If I now report that my confidence limit for my estimated number is plus or minus a fifth ( +/- 20%) then I am justified in writing my estimated number as:-
7,0–,—,—
The above representation, using a dash instead of a zero digit, is conventional presented by using scientific notation (real numbers with exponents) so 7,—,—,— should actually be written as 7*10^9 (one significant figure) and our more confident number 7,0–,—,— with two significant figures written as 7.0*10^9
From this we can see that even though we know from personal experience that our family has grown in size by the addition of one new baby, we cannot say that the population of the earth is now 7,000,000,001 all we can say is that the estimated population is still seven billion.
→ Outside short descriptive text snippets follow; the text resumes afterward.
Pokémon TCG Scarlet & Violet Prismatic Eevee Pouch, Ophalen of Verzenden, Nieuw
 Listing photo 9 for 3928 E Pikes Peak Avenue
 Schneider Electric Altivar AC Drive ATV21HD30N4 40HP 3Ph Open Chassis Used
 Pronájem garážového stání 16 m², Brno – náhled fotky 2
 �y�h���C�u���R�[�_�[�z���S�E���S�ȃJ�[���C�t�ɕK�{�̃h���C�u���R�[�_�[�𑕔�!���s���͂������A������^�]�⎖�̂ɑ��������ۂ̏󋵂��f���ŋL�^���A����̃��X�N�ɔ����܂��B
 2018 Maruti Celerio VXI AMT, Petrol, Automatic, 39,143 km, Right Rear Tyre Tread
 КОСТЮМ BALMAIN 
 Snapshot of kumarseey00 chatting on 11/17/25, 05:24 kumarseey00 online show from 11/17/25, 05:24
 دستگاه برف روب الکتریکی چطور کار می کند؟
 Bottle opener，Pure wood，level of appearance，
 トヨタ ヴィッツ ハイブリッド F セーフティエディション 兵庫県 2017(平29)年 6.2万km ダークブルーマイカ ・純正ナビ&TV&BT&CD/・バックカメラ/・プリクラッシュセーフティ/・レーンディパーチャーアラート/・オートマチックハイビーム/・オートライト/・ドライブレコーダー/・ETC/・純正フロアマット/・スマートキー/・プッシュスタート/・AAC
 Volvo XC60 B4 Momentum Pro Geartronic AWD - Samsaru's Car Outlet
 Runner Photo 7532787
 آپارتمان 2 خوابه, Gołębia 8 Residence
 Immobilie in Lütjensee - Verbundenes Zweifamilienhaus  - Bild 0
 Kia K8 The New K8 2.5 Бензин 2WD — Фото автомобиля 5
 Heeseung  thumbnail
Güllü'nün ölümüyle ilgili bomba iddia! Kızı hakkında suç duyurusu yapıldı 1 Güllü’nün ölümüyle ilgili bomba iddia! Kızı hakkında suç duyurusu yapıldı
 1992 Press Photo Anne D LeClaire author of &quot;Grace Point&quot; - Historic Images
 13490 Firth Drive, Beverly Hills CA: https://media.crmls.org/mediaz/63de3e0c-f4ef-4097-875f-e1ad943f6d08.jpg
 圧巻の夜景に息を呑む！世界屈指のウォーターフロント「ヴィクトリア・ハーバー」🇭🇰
In effect for estimated numbers 7,0–,—,— plus 1 equals 7,0–,—,—

Mark Besse
June 30, 2011 12:59 pm

So using Philip’s method the quote should have read:
1,2–,– Square kilometers of ice road-accessible Arctic lands that will be unreachable by 20–, a 1–% decrease, according to a report online 2– May in Nature Climate Change.
/sarc

June 30, 2011 10:22 pm

Well Mark,
-/10 for effort
Grade F
The twenty ninth of May is not an estimated date.
/humour

Bart
July 2, 2011 11:18 am

“The output of a mathematical operation can’t have more significant digits than the smallest number of significant digits in any of the inputs…”
I agree that the number they give is spurious. But, as a general rule, this is overly conservative, sometimes dramatically so. For example, binary fixed point sensor data is quantized so that the output is a factor of 2. Following this rule would say you cannot glean information to better than 1 bit. However, if the signal is rapidly transitioning through quantization levels, the quantization can be modeled as a uniform probability density, white noise process with RMS of Q/sqrt(12), where Q is the 1 bit quantization. Averaging N samples of such a signal then reduces the error due to quantization to Q/sqrt(12N). Since the signal is changing, an average biases the information. And, so, you run into the classic trade-off between bias and variance.

Brian H
July 3, 2011 3:47 am

False comparison. Quantized and integer measures must be assessed on the basis of the larger phenomenon each is used to quantify. Determining what is a “significant digit” has to do with the accuracy of measurement: i.e., the physical and procedural constraints on said precision. The point remains: if you have one element which is accurate only to 1 part in 10, then the whole ensemble is only accurate to 1 part in 10.

July 5, 2011 4:14 am

I wrote a post last year about this very topic, except concerning Google’s calculation of its own economic impact in the US: Google’s Addition Problem is Significant
It’s dismaying to see this grade-school-level issue popping up in peer-reviewed journals like Science.